Jack Lief mentioned in the CC that the cost is very cheap and similar to other small molecules. Its only a 3 steps synthesis process, so I would think the cost will be in single digit % of total sales.
ARNA: I assume this is a fairly novel type of arrangement in terms of the economic structure. Most deals tend to be based on royalties or they are some type of profit-sharing arrangement.
It’s not novel; for instance, the JNJ-ALKS collaboration for Risperdal Consta and the BMY-LLY collaboration for Erbitux work essentially the same way—the only distinction is that ALKS and LLY (formerly ImClone) receive separately itemized transfer payments for the manufactured product, which makes their revenue lines a little less predictable due to variability in the timing of orders.
any guess on what production costs for Lorcaserin will be for ARNA? I'm curious as to what kind of estimate we can ultimately make for ARNA's net profit % on Lorcaserin sales.
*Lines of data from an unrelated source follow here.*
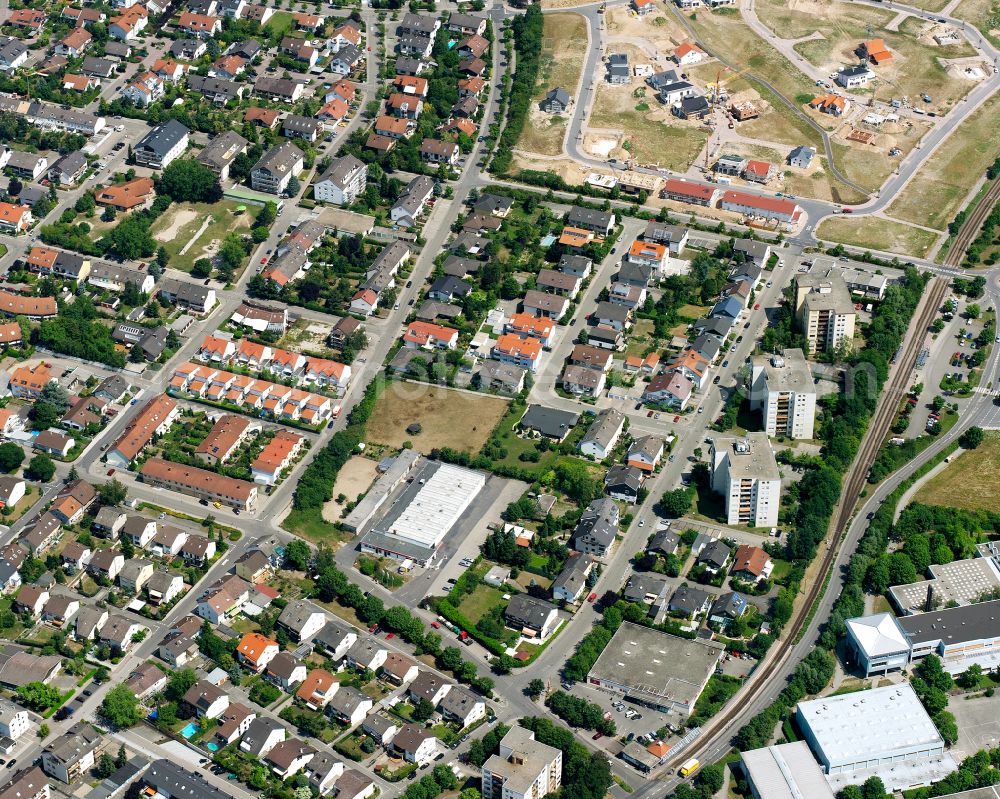 Aerial photograph Linkenheim - Residential area of the multi-family house settlement in Linkenheim in the state Baden-Wuerttemberg, Germany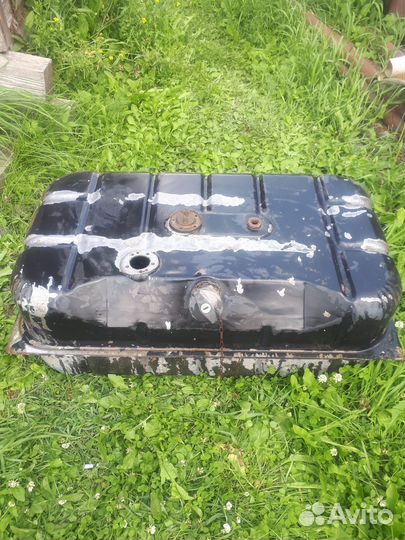 Топливный бак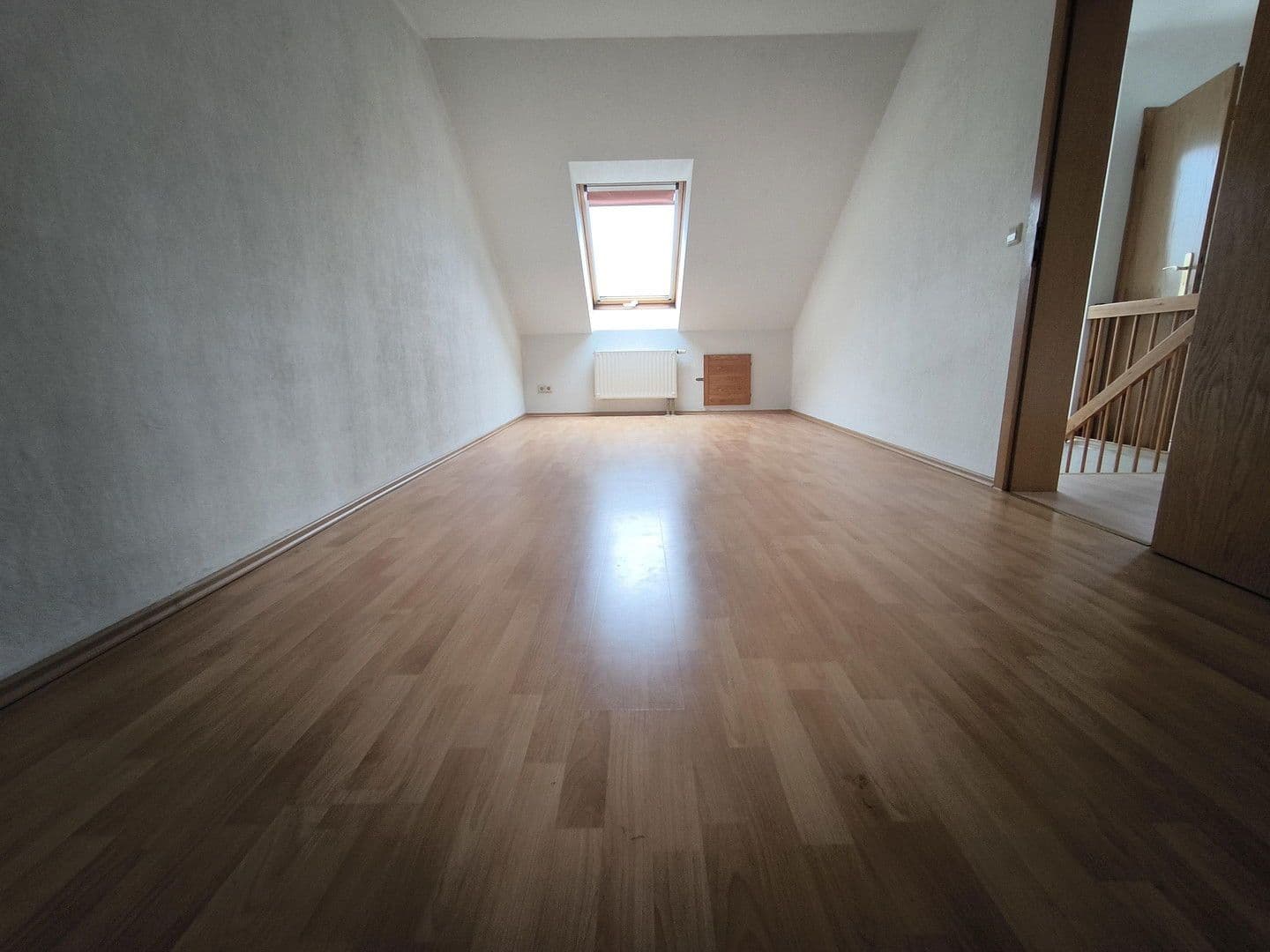 Pronájem bytu 4+1 115 m², Chemnitztalstraße 159, Chemnitz, Sasko Pronájem bytu 4+1 115 m², Chemnitztalstraße 159, Chemnitz, Sasko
We can’t be precise about the % of sales attributable to production cost until we know how Lorcaserin will be priced; absent any clues to the contrary, I would model 20%, which leaves ARNA a pseudo-royalty rate in the low to mid teens. (If there is a royalty on sales that ARNA owes to a third party such as a university, this needs to be deducted from the above.)
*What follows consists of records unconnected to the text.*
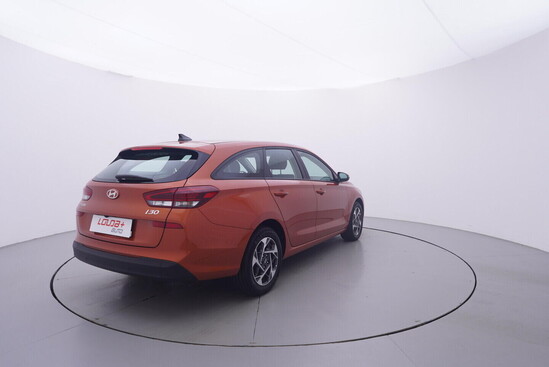 HYUNDAI I30 Start 1.0 GDI 73 kW manuál, DPH_3
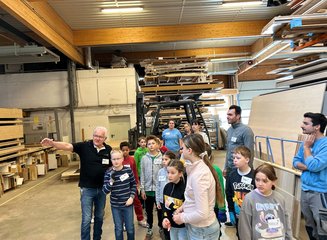 Kinder bei einer Führung in einer Tischlerei Handwerklicher Besuch der Volksschule Hafnerbach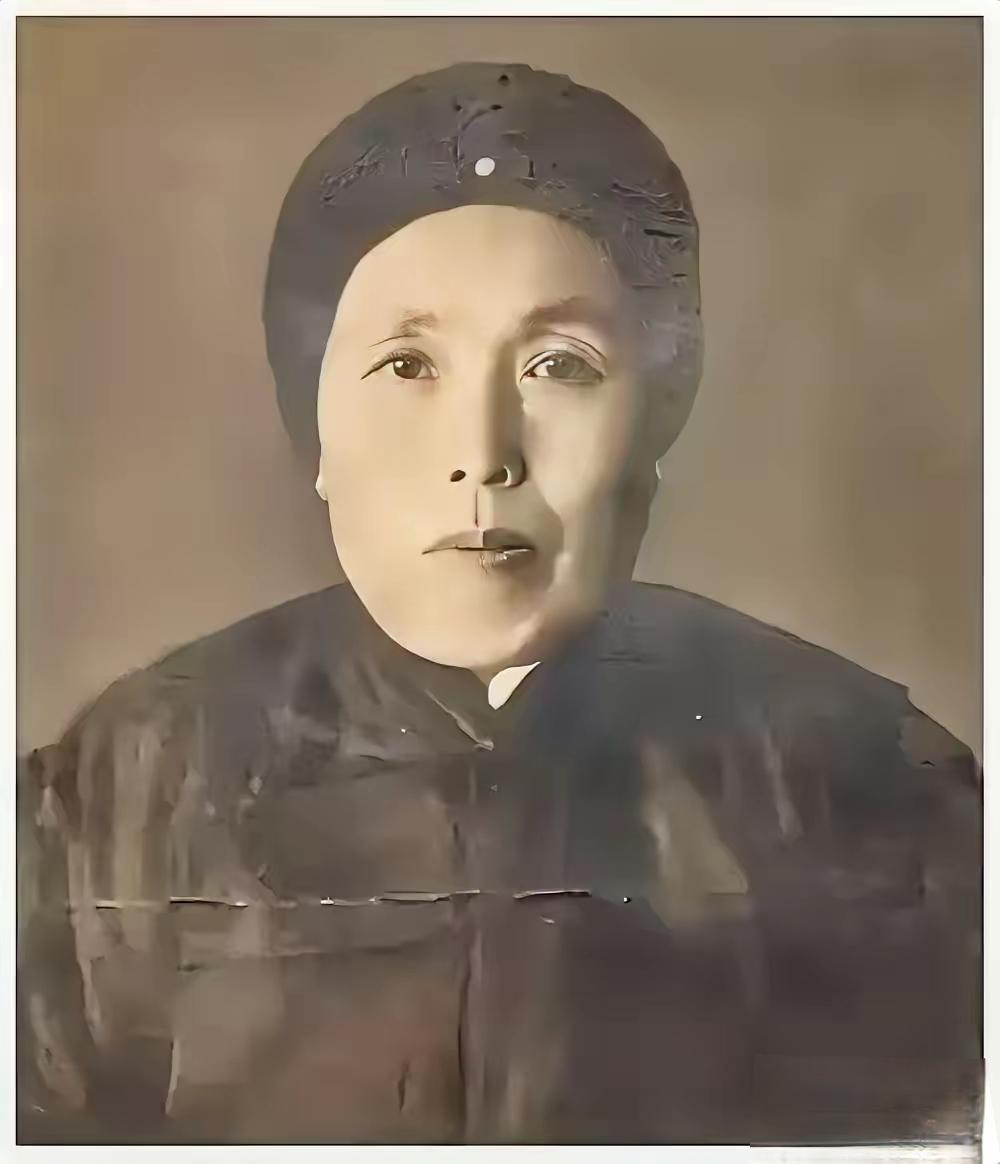 1891年，16岁的张作霖落难乞讨，孙寡妇看中了他，解开衣扣，掏出一块腰牌给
Clearly, ARNA’s consequential upside in the Eisai deal comes from the possibility that Lorcaserin can be a big-selling drug. If sales become really big, ARNA’s net profit as a % of sales will not only increase from the step-up in the direct payment from Eisai, but also will widen from having the fixed-cost component of manufacturing spread over more volume, lowering the % of sales that goes toward production.